### Work to complete:
Since only part of the material below is wanted, output exactly the lines from the one with "URAQT Womens Handbags, New" up to and including the one with "Open office space".

Task material below:

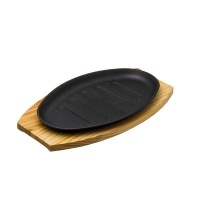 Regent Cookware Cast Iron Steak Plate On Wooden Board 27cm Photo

End of Task material.
Task material below:

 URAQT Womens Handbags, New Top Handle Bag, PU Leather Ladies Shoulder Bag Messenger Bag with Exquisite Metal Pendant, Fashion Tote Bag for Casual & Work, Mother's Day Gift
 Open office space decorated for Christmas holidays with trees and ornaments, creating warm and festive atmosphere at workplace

End of Task material.

### Answer box:
 URAQT Womens Handbags, New Top Handle Bag, PU Leather Ladies Shoulder Bag Messenger Bag with Exquisite Metal Pendant, Fashion Tote Bag for Casual & Work, Mother's Day Gift
 Open office space decorated for Christmas holidays with trees and ornaments, creating warm and festive atmosphere at workplace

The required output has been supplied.